== WORK ORDER ==
Every line of the material below should be output exactly as written, with the images skipped.

== COLLECTED MATERIAL ==

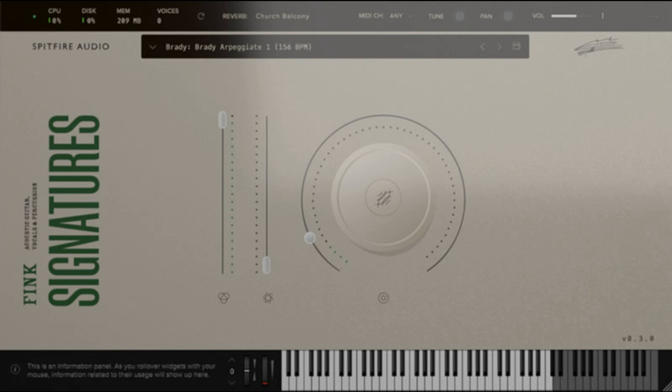Dynamic slider allows you to fade from a close mic mix into a re-amped signal, using Fink's signature vintage amp. Start point cuts further into the note to create pad-like sounds. String Squeak FX controls the volume of the string squeak noise that plays on note release.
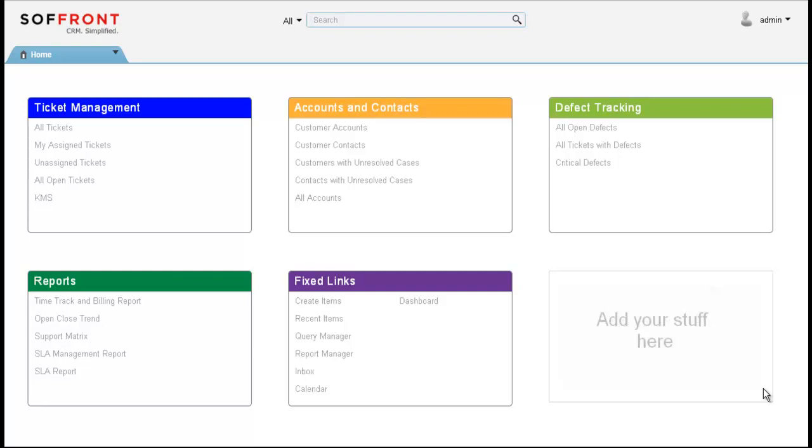Increasingly companies are looking at their customer support organization as a source of competitive advantage. Providing consistent, world-class service is a challenge. Sofrant Customer Support provides a solution to step up to these expectations and address customer support challenges. Sofrant Customer Service helps you manage customer support tickets from submission to resolution.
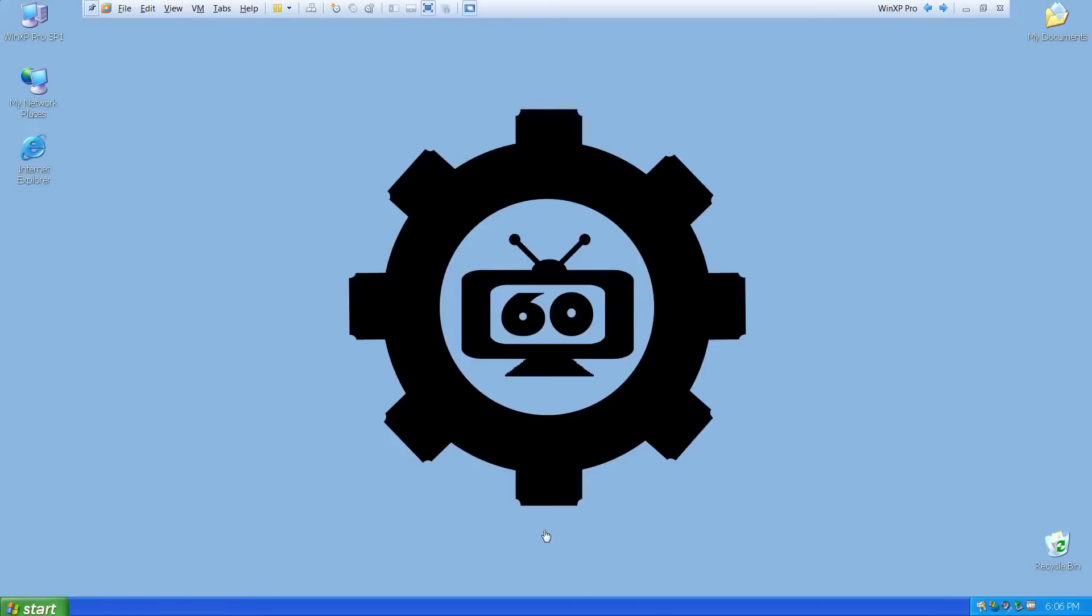If you've watched previous episodes of the Automation Minute, you've probably noticed that I've changed my virtual machine's desktop wallpaper from the default grassy landscape to the Automation Minute logo.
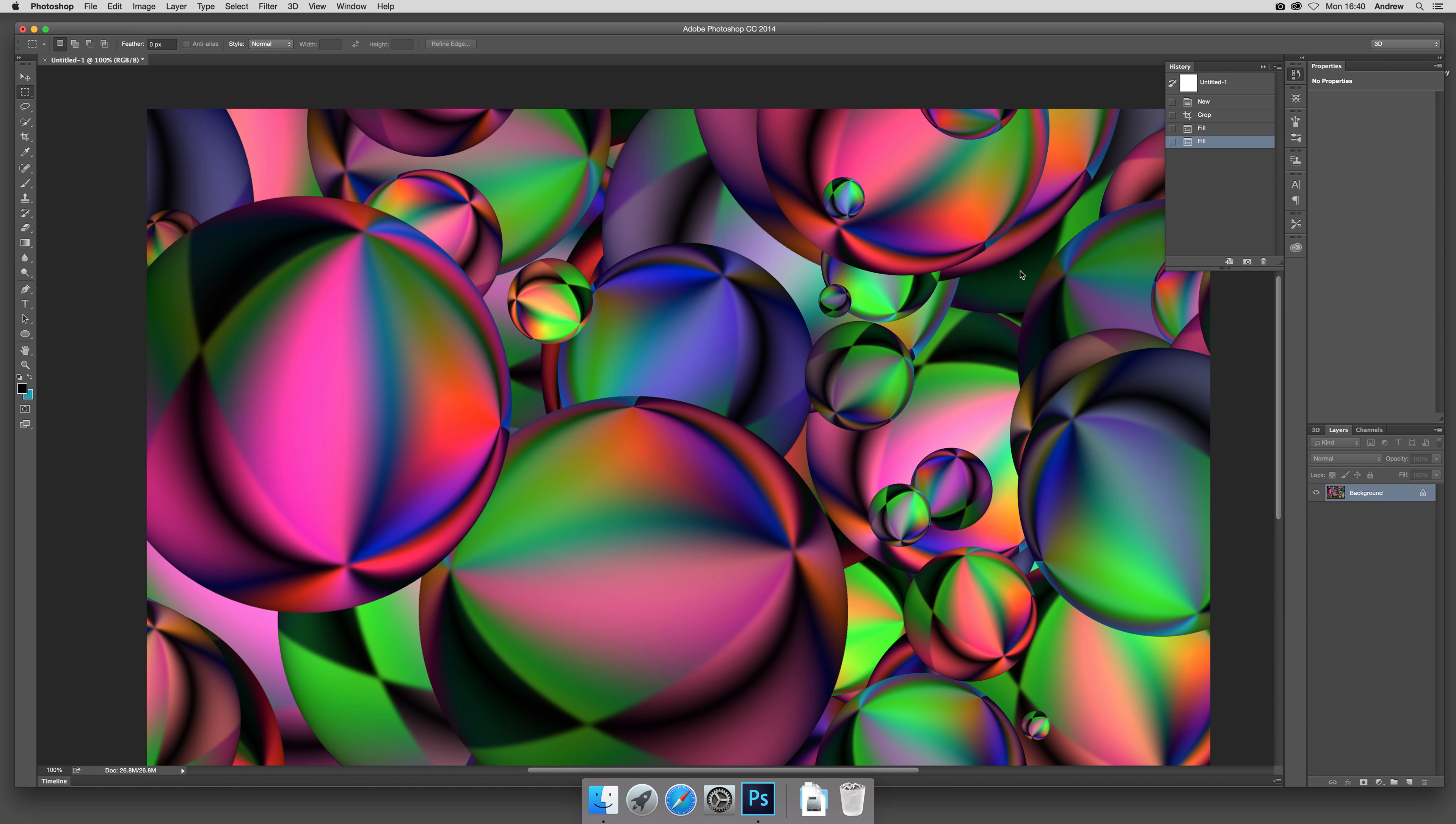And there you have it, a super colorful background in a few minutes. I hope you found this of interest, thank you much.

== EXERCISE ANSWER ==
Dynamic slider allows you to fade from a close mic mix into a re-amped signal, using Fink's signature vintage amp. Start point cuts further into the note to create pad-like sounds. String Squeak FX controls the volume of the string squeak noise that plays on note release.
Increasingly companies are looking at their customer support organization as a source of competitive advantage. Providing consistent, world-class service is a challenge. Sofrant Customer Support provides a solution to step up to these expectations and address customer support challenges. Sofrant Customer Service helps you manage customer support tickets from submission to resolution.
If you've watched previous episodes of the Automation Minute, you've probably noticed that I've changed my virtual machine's desktop wallpaper from the default grassy landscape to the Automation Minute logo.
And there you have it, a super colorful background in a few minutes. I hope you found this of interest, thank you much.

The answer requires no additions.